Sioux Falls's vacation-rental ordinance reaches only 'rentals furnished to the public on a daily or weekly basis' under §159.303. A guest staying 28 or more consecutive days under a single agreement converts the relationship into a long-term residential tenancy governed by SDCL Title 43, Chapter 32 (landlord-tenant) — at that point the §159.303 STR conditions (vacation-home registration, the three-people-per-bedroom occupancy cap, the one-parking-space-per-guest-bedroom rule) no longer apply, because the property is no longer a 'vacation rental.' The underlying §150.177 Residential Rental Permit still applies, however — Sioux Falls covers both short-term and long-term rentals under the same permit program with the same $50 annual fee. Sales-tax treatment also shifts at the 28-day mark. Under South Dakota tax rules implementing SDCL 10-45 and 10-45D, lodging furnished for 28 or more continuous days to the same person is generally not subject to the state's lodging-tax regime (i.e., the 4.2% state sales tax, 1.5% tourism tax, 2% Sioux Falls municipal sales tax, and 1% BBB tax on lodging fall away for that extended stay because it is treated as residential rather than transient lodging). Operators offering 'monthly' Airbnb or Furnished Finder bookings should structure the booking as a single 28+ day agreement to capture this treatment; cobbling together several shorter stays back-to-back does not qualify. South Dakota does not have a statewide rent-control statute, a statewide just-cause eviction statute, or a state extended-stay protection — once you cross the 28-day line, the guest becomes a tenant entitled to standard SDCL Chapter 43-32 termination rights (three-day pay-or-quit for nonpayment, 30-day notice for month-to-month no-cause termination). Sioux Falls has not adopted local rent stabilization or just-cause eviction.

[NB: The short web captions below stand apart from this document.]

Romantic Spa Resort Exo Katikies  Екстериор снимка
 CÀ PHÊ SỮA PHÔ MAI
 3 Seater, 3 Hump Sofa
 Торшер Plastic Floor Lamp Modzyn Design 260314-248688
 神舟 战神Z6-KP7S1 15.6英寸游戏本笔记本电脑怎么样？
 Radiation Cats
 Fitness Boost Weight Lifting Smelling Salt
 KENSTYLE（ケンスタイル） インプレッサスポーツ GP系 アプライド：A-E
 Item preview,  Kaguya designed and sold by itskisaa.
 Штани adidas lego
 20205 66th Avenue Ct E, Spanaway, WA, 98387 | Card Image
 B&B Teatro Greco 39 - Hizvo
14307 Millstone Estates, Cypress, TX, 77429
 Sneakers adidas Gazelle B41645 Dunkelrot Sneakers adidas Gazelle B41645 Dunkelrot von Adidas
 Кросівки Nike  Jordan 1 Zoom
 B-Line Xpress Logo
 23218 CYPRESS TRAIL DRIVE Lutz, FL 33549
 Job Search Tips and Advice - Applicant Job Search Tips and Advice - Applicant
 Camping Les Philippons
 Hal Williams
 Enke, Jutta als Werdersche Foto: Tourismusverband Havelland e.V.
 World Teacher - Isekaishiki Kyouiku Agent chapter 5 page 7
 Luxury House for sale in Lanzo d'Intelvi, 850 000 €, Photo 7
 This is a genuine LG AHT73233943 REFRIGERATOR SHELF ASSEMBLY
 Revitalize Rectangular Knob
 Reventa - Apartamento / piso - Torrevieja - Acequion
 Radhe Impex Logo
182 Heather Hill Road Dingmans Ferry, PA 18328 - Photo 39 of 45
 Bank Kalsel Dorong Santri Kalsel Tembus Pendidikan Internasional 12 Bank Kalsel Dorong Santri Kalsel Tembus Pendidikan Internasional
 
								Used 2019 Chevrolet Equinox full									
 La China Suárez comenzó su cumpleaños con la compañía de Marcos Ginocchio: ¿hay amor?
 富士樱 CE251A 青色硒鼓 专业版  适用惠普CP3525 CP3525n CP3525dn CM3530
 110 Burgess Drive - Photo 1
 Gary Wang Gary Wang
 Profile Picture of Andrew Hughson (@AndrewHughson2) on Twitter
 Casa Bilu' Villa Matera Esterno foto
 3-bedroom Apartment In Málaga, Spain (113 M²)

There is no specific 'extended home share' violation in Sioux Falls. The risk for operators is misclassifying a 28+ day stay as a vacation rental (and continuing to collect/remit lodging taxes that don't apply) or, conversely, misclassifying a series of short stays as a long-term tenancy to evade the §159.303 permit. Misclassification of taxable receipts is enforceable by the SD Department of Revenue under SDCL Chapter 10-45 (assessment of back tax, 10% delinquency penalty, interest). Operating an unpermitted long-term rental still violates §150.177.